[Caption-style text data]
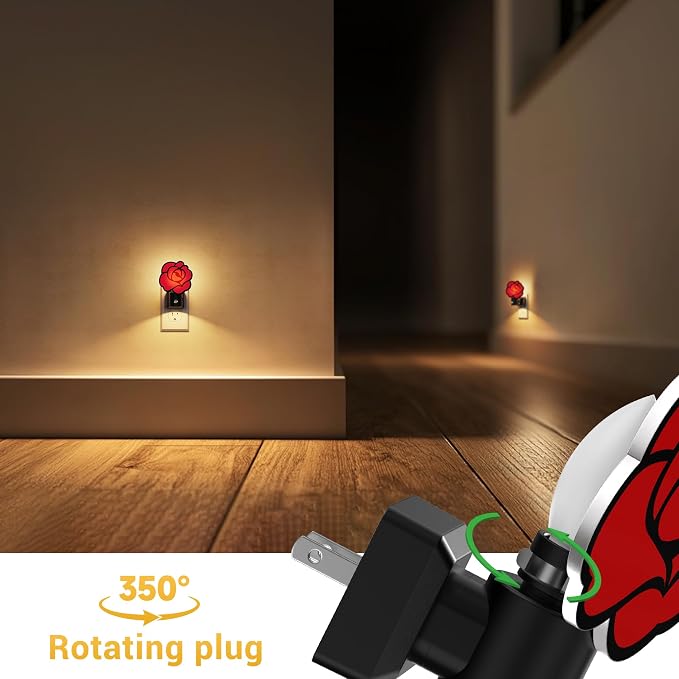 L LOHAS LED Red Rose Night Lights Plug into Wall, Gothic Rose LED Night Light with Dusk‑to‑Dawn Sensor, Adjustable Brightness, 350° Rotatable Plug in Nightlight for Bedroom Hallway Bathroom (2 Pack)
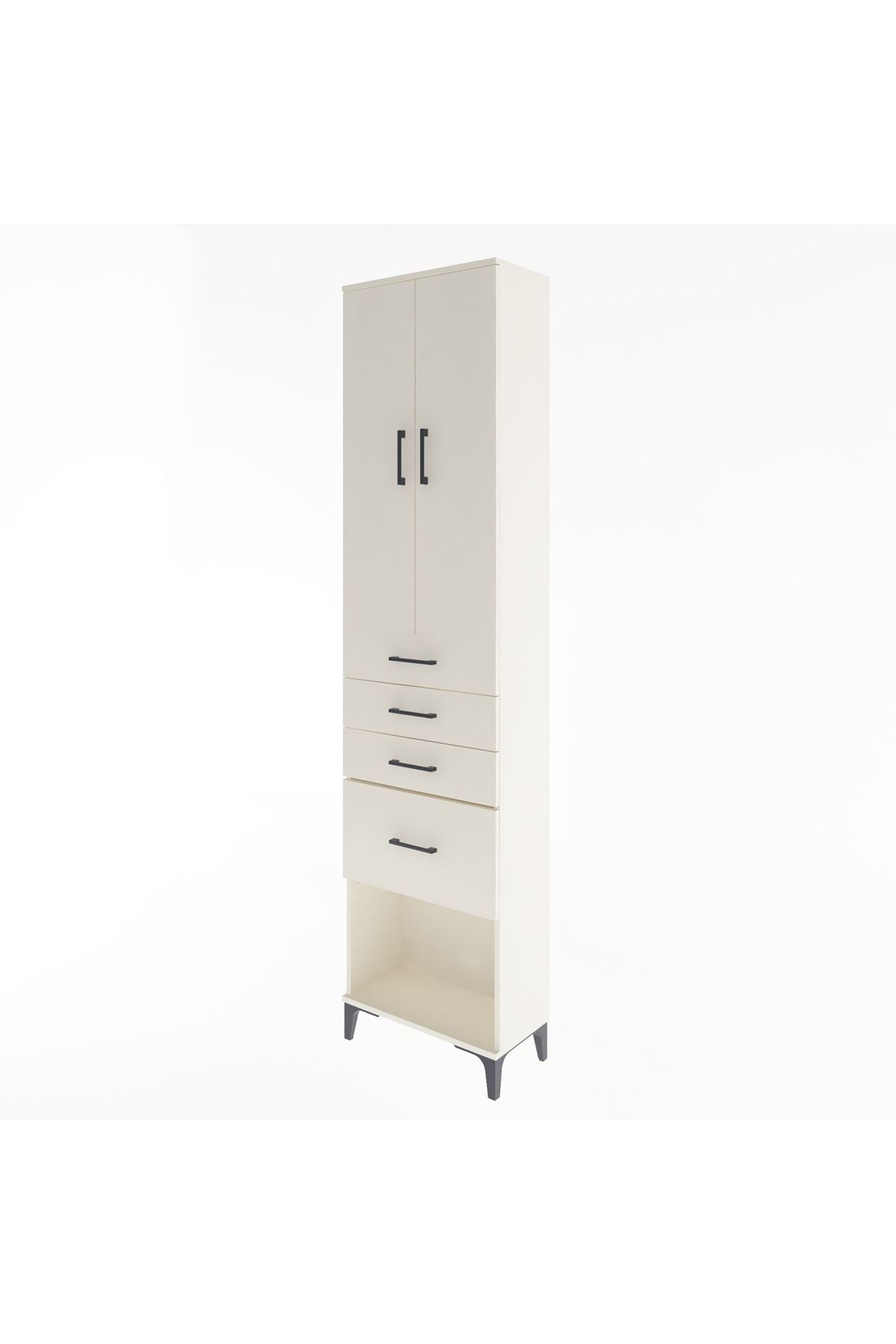 Arges Dolap 3 Raflı 4 Çekmeceli 2 Kapaklı 60x30x243 Aytaşı-Aytaşı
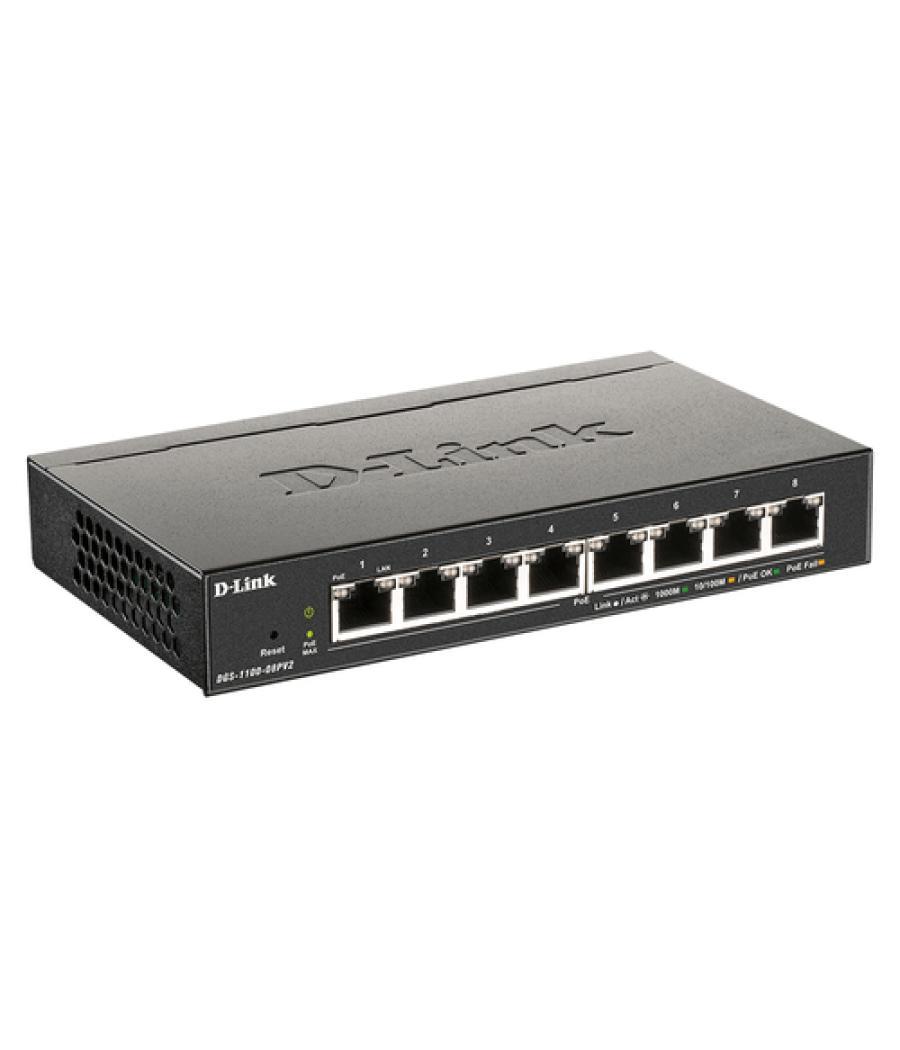 D-link - dgs-1100-08pv2 8xgb poe smart switch (64w)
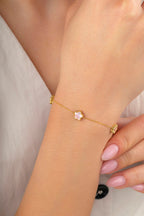 Reversible Pink White Mother-of-Pearl Wide 3 Floral Gold Bracelet
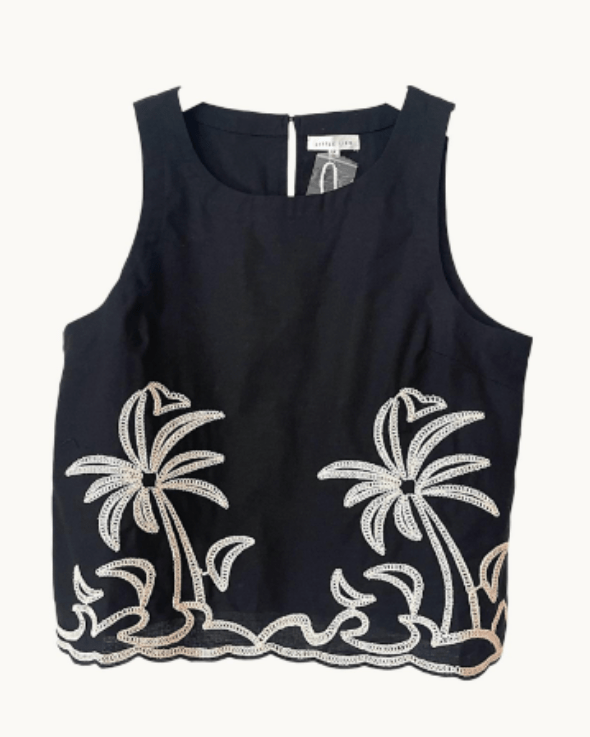 Little Lies Palm Embroidered Top Palm Embroidered Top Splash Swimwear Shirts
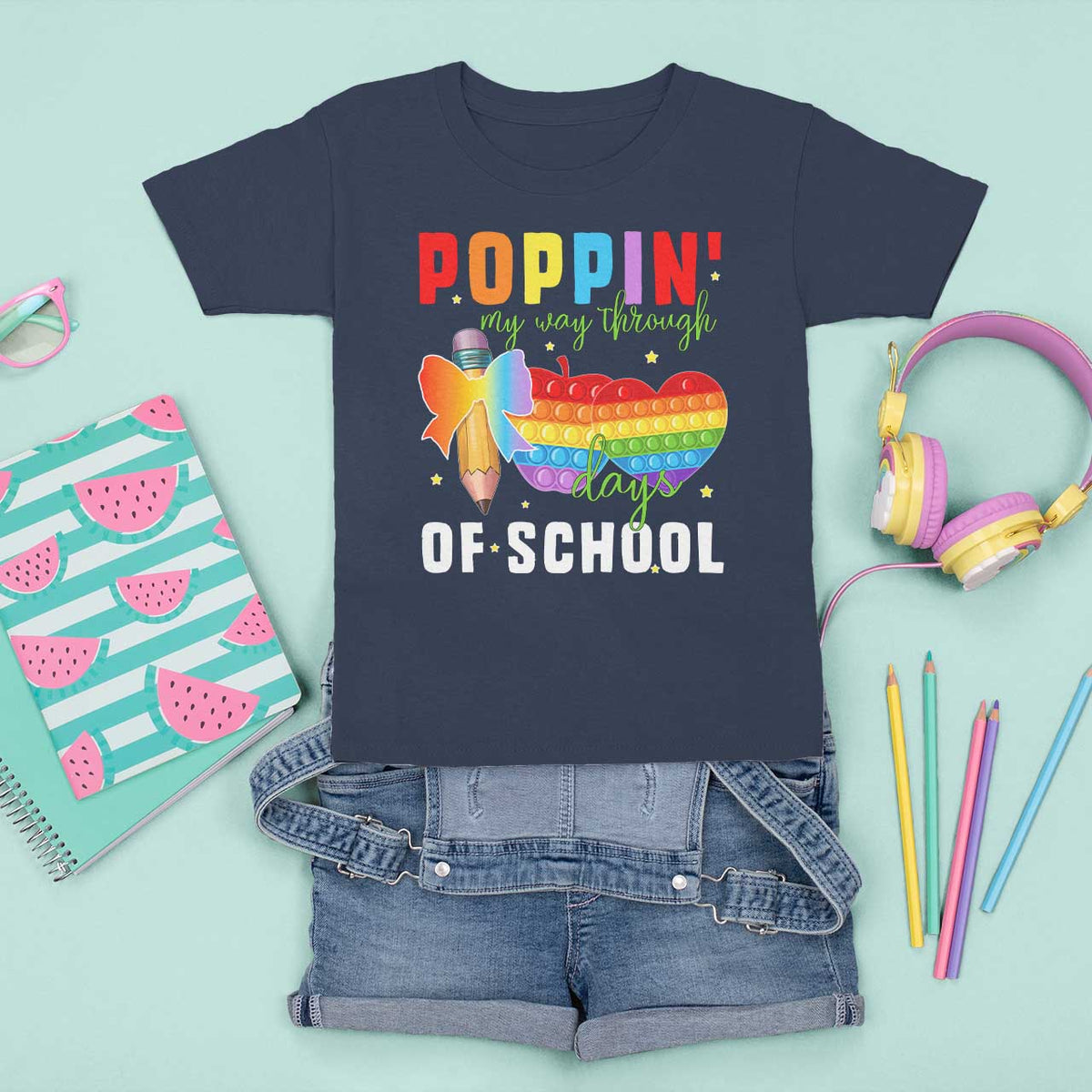 Funny Poppin' My Way Through 100 Day T Shirt For Kid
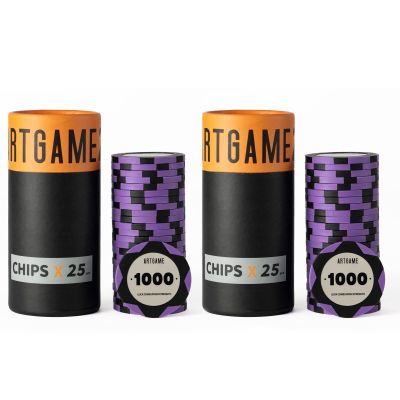 ARTGAME 14 Grams Clay Poker Chips, Minimalism Chip Easy to Recognize Numbered Chips and Color Blank Chips-Pack of 50 Chips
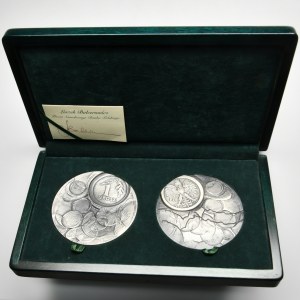Zestaw, Medal okolicznościowy NBP 1 grosz (2 szt.)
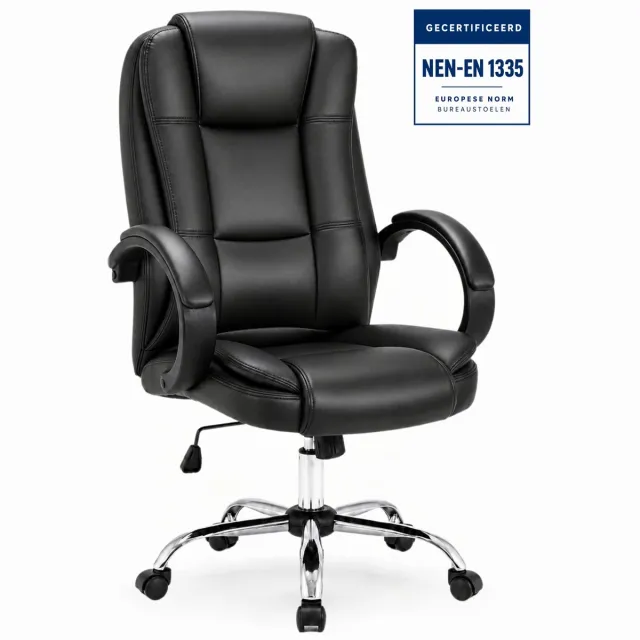 Infinity Goods Ergonomische Bureaustoel - Office Chair - Verstelbaar - 4D Lendensteun & Mesh - Tot 150kg - NEN-EN1335 - Zwart Zwart Leer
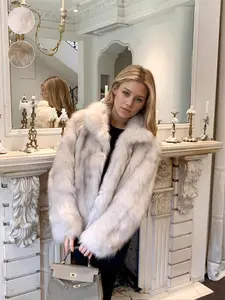 Women's Faux Fox Fur Coat, Elegant Loose-Fit Stand Collar Long Sleeve Jacket, Thick Warm Winter Outerwear for Fall & Winter Seasons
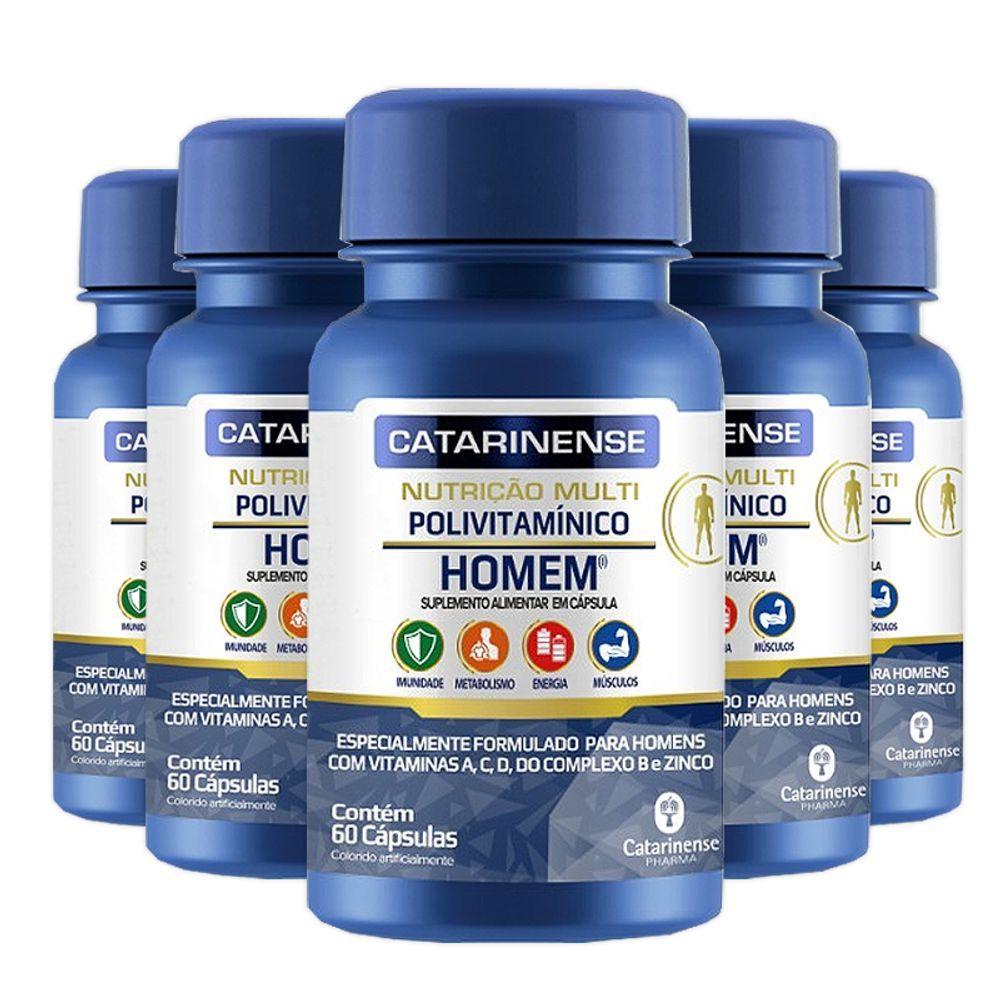 Miniatura Kit 5 Polivitamínico Homem Catarinense 60 Cápsulas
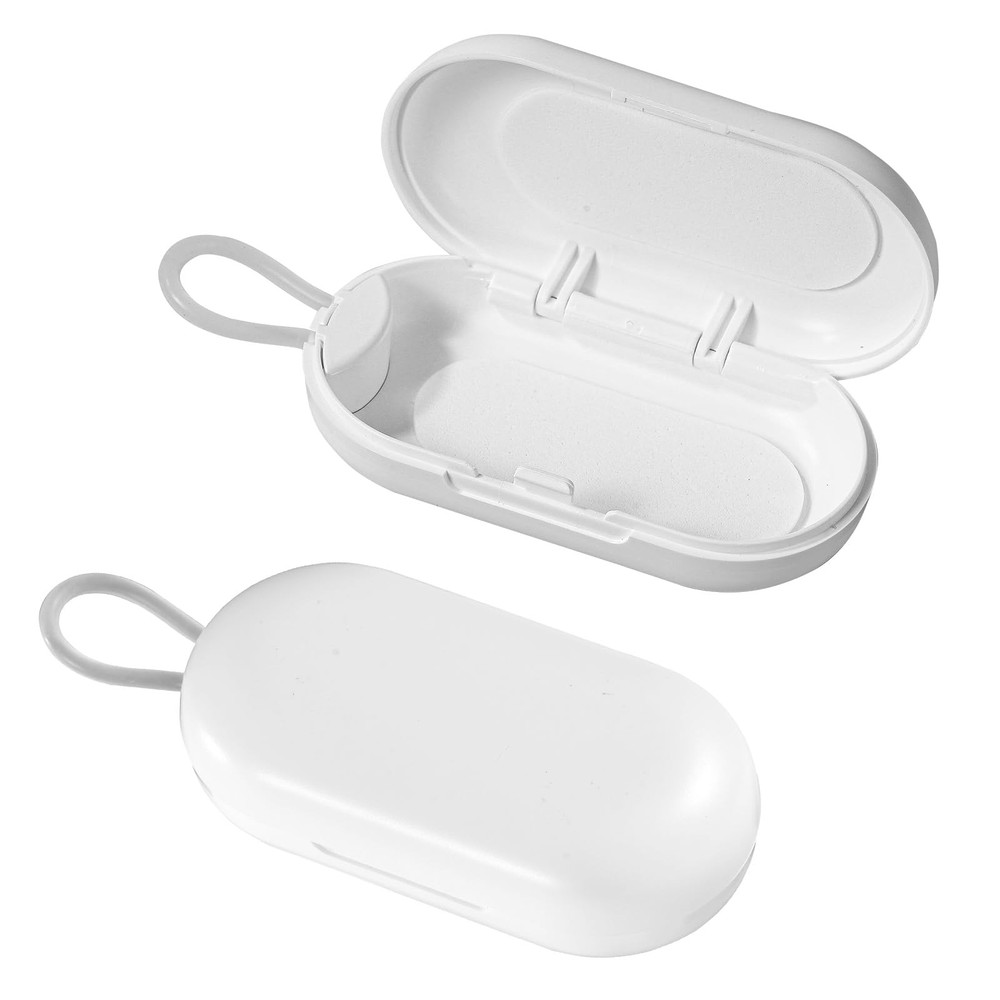 2 Pcs Earplug Cases, Ear Plug Holder Cases Only 1 Count (Pack of 2), White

| REQUIREMENT |
Copy the records above from the first line through the line containing "D-link - dgs-1100-08pv2", both included, and leave out any pictures.

| TASK RESULT |
 L LOHAS LED Red Rose Night Lights Plug into Wall, Gothic Rose LED Night Light with Dusk‑to‑Dawn Sensor, Adjustable Brightness, 350° Rotatable Plug in Nightlight for Bedroom Hallway Bathroom (2 Pack)
 Arges Dolap 3 Raflı 4 Çekmeceli 2 Kapaklı 60x30x243 Aytaşı-Aytaşı
 D-link - dgs-1100-08pv2 8xgb poe smart switch (64w)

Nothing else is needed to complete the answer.